Зато на соседней полке - настоящее изобилие изданий
О. Мандельштама! Видите, что произошло за эти пятнадцать лет: ситуация
поменялась с точностью до наоборот. Просто мы всегда подходим однобоко,
всегда с какими-то перекосами: то одного не было, то другого убрали.
Насколько вот эти идеологические веяния (не без участия западных славистов)
влияют на учебный процесс, на написание учебников?

- Хотелось бы учесть всё. Но, наверное, до конца избежать идеологического
пресса невозможно. Об Островском в нашем учебнике сказано немного, но
хорошо. А в Китае роман до сих пор высоко ценят, хотя и не все. Тем не менее
давление идеологического процесса, видимо, в какой-то мере сказалось на
нашей работе, хотя мы и старались этого избегать.

- Мне показалось, что в некоторых главах ваши соавторы проявили субъективный
подход.
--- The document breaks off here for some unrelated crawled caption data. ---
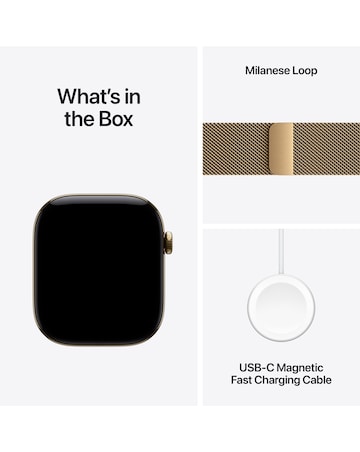 Apple Watch Series 12 GPS + Cellular 46mm - Gold Titanium/Gold Milanese - S/M
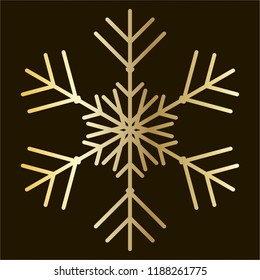 Vector golden snowflake Icon isolated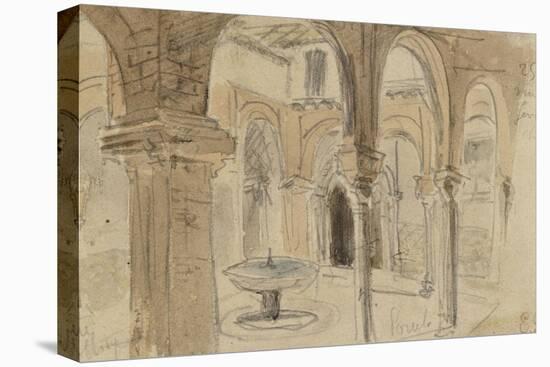 Inner Courtyard of the Monastery of Seville, May 1832-Eugene Delacroix-Premier Image Canvas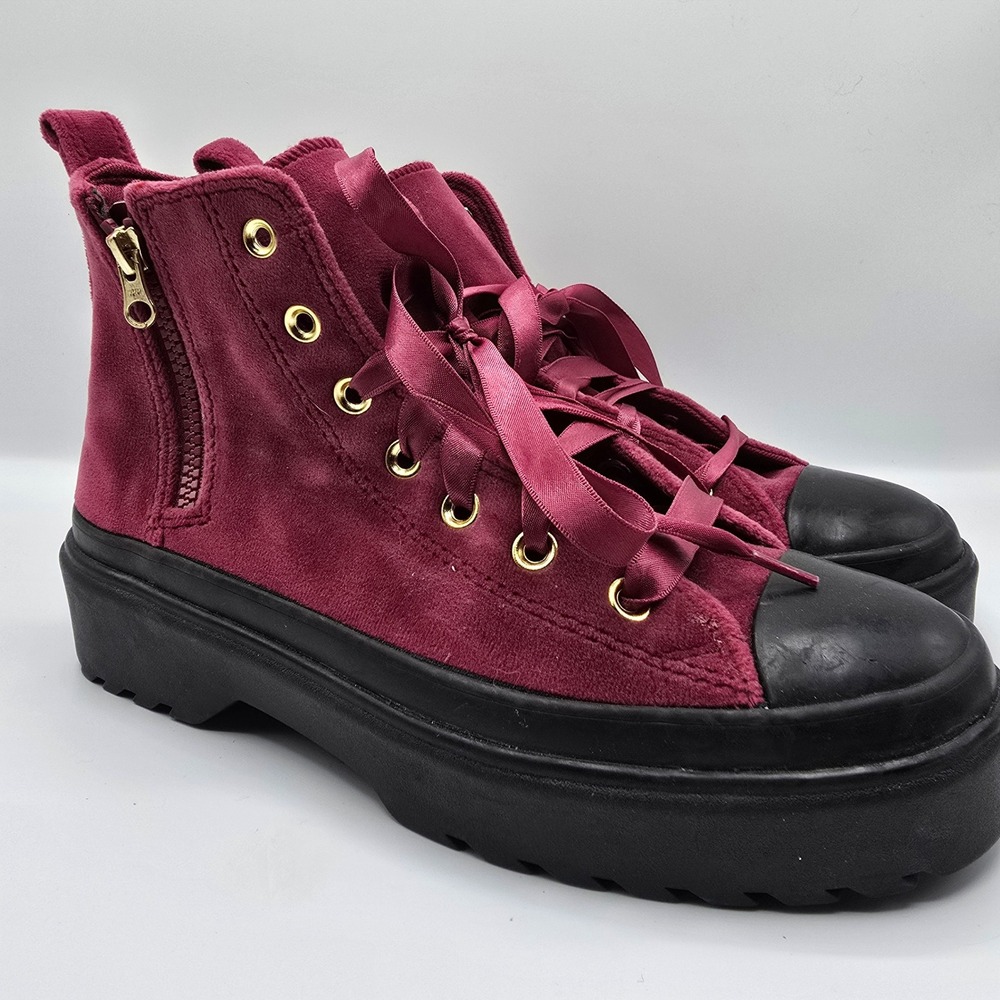 Converse Platform High Top Sneaker Boots Velvet Ribbon Laces‎ Side Zip US 6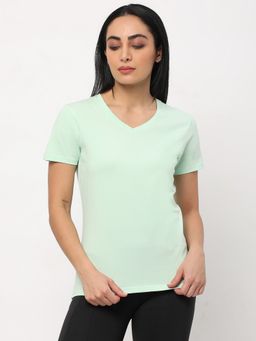R&B - Women Green Solid Casual T-Shirt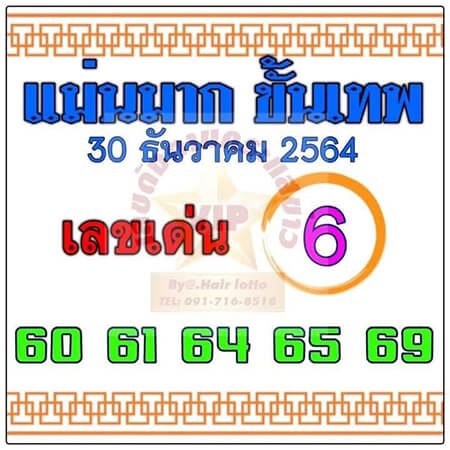 เลขเด็ดแม่นขั้นเทพ30/12/64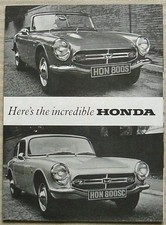 HONDA S800 ROADSTER & COUPE Car Sales Leaflet Brochure c1968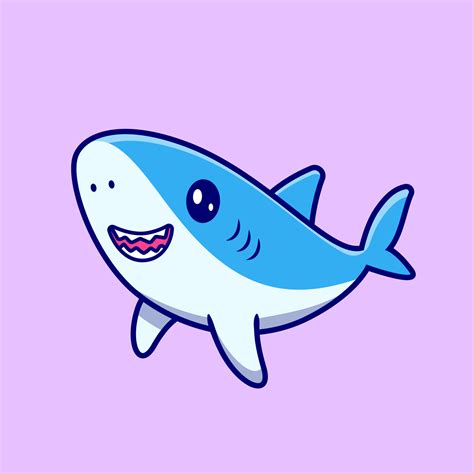 Cute Shark Swimming Cartoon Vector Icon Illustration. Animal Sea Icon Concept Isolated Premium ...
Чувствуется, что автор учебника любит такого-то писателя, очень
тепло пишет о нём, а другого недолюбливает, отзывается сквозь зубы. Ведь
многое зависит от того, как подаётся материал. Например, там, где говорится
про поэзию последних лет, о стихах Юрия Кузнецова сказано в таких
выражениях, как <безблагодатность, богооставленность, недоверие к разуму,
умозрительность>, а на соседних страницах, рассказывающих о <бардовской
поэзии>, присутствует другой набор характеристик: <тематическое богатство
лирики, мягкий романтизм, тонкий юмор, изощрённость формы>: Согласитесь, что
тут слова из разных смысловых рядов, а ведь люди прежде всего воспринимают
именно этот эмоциональный пласт языка.
Или другой пример. В главе методического пособия, посвящённой С. Есенину,
сказано о <двумерности есенинской поэтики>. Причём рядом приводятся концепты
из его <Ключей Марии>, построенные на принципе триады. Само слово
<двумерность> несколько дискредитирует поэта, трактует его стихи как нечто
плоскостное, придаёт упрощённый вид художественному миру. Если автор главы
не любит Есенина, то зачем согласился писать? Написал бы о ком-нибудь
другом.

- Здесь я не могу с вами согласиться, что двумерность несёт в себе оттенок
негатива. Вот если поэт одномерный, то это плохо, а двумерный даже здорово.

- Я считаю, полноценная поэзия должна быть трёхмерной как минимум. Мы не
скажем ведь о Лермонтове, что его поэзия двумерна.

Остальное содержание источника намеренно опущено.